The Final Interview Glow: How a Recent Impression Overrode Earlier Red Flags
A real-world example of Recency effect in action
Context
A growing SaaS startup needed a senior backend engineer and ran a multi-stage hiring process: recruiter screen, technical coding interview, reference checks, and a final culture/strategy interview with the CEO. The hiring committee captured structured notes at each stage, but the final interview was held the day before the decision meeting and included a polished presentation by the candidate.
Situation
During the decision meeting, panelists reviewed earlier technical feedback that contained concerns about the candidate's debugging speed and mixed reference feedback about system design depth. The candidate's last interaction — a confident strategic presentation that resonated with the CEO — was fresh in everyone's memory as they voted on the offer.
The bias in action
Committee members overweighted the candidate's most recent performance (the polished CEO presentation) and underweighted prior structured notes and reference concerns.
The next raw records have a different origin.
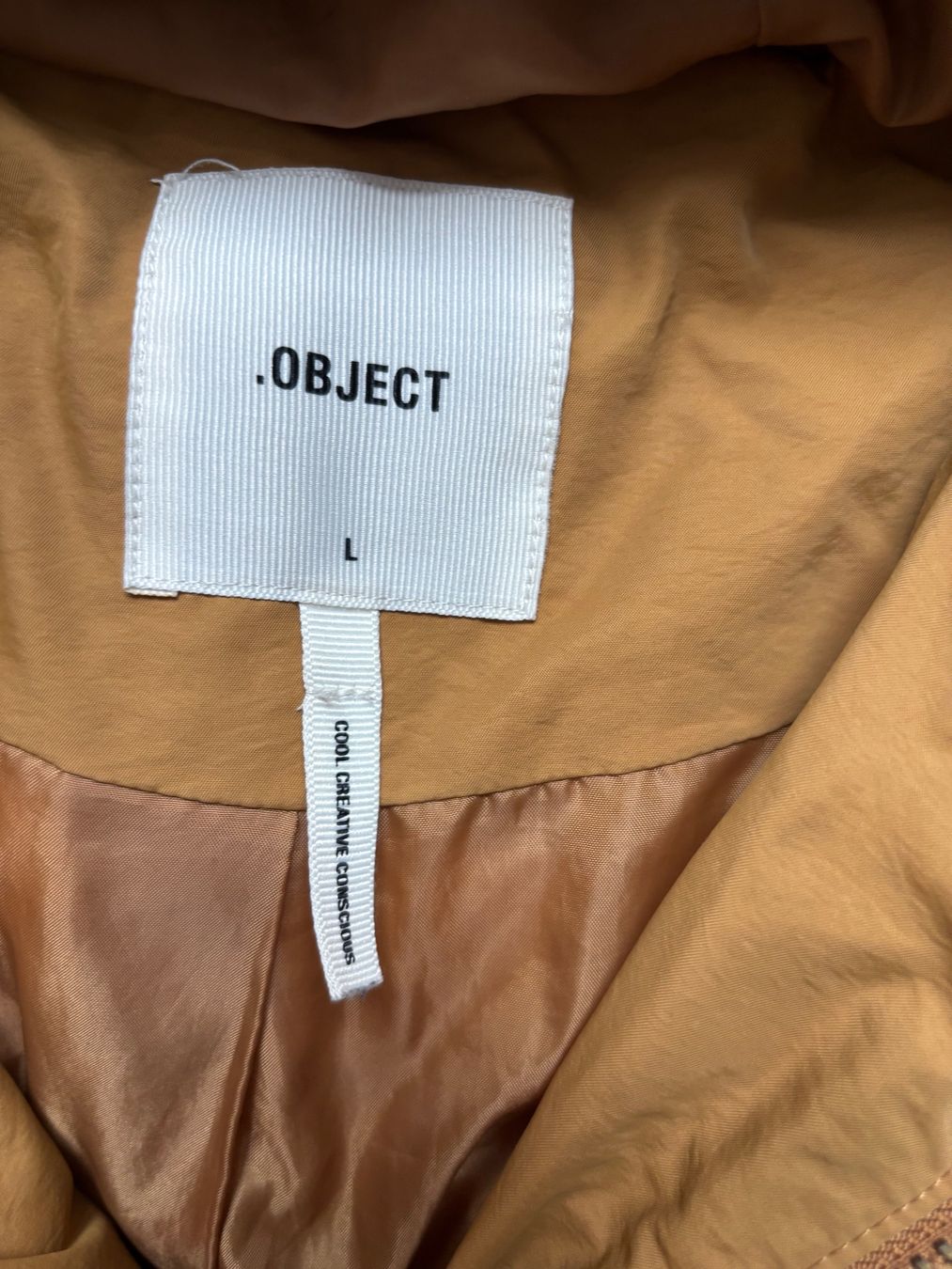 Vestes: Doudoune .Object Taille L – D'occasion à La Chaux-de-Fonds par Elora237 1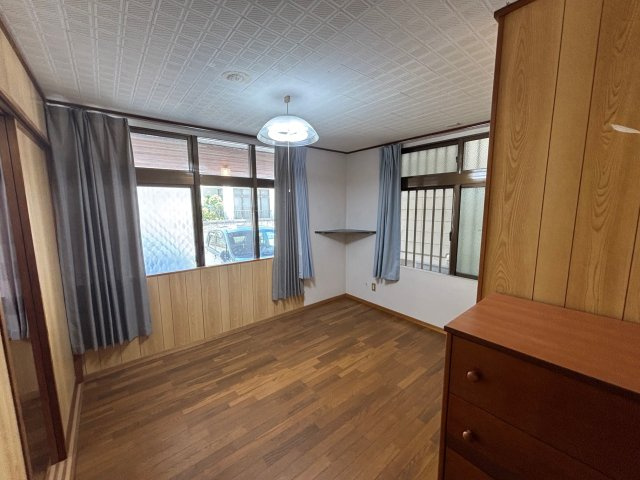 【居間・リビング】 | 兼城貸店舗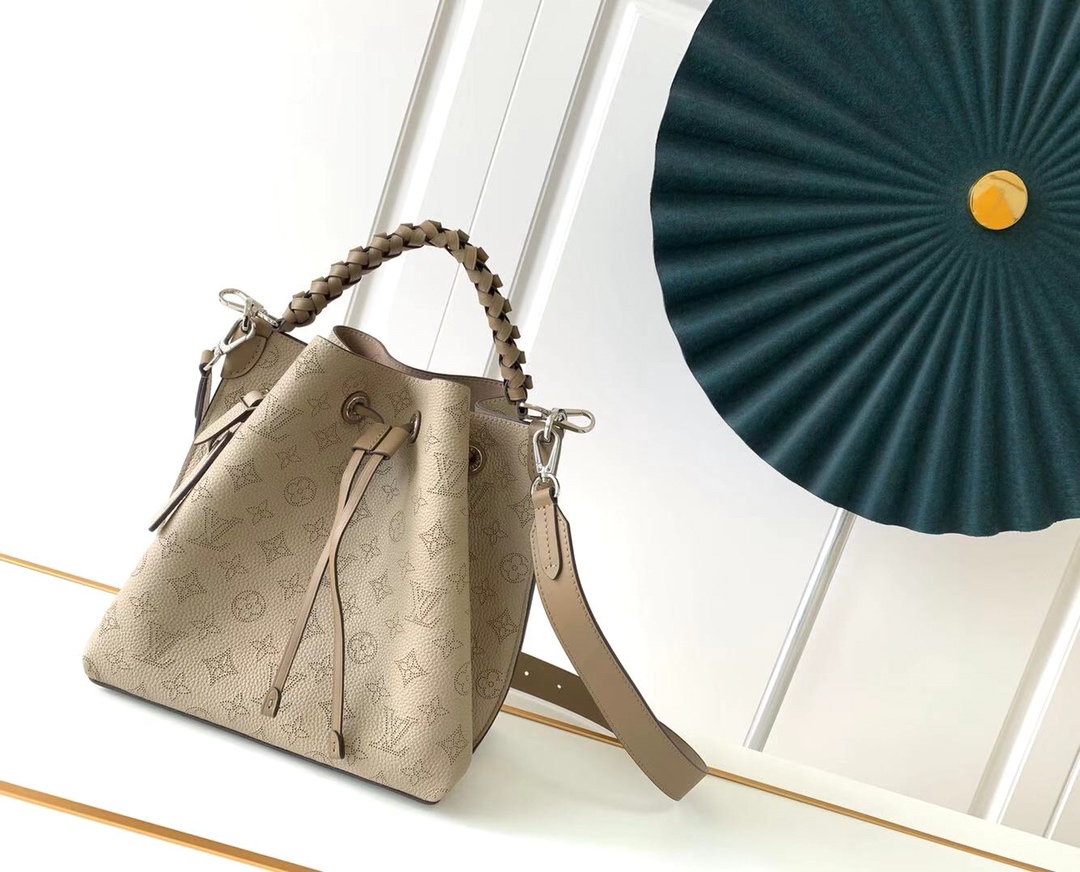 Louis Vuitton Shoulder Bag – LVSH1067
Several panelists explicitly said the presentation 'changed their mind' despite earlier reservations about technical skills. Because the last interaction felt most vivid, the decision makers unconsciously let it dominate their evaluation instead of averaging across stages. The recency of the presentation made it the deciding factor even though it addressed different competencies than those raised earlier.
Outcome
The company extended an offer and the candidate accepted. Within six months the hire struggled to complete core backend initiatives and required repeated mentorship; a performance improvement plan was opened in month seven and the hire left in month nine. The team lost momentum on a key feature and had to re-open the search.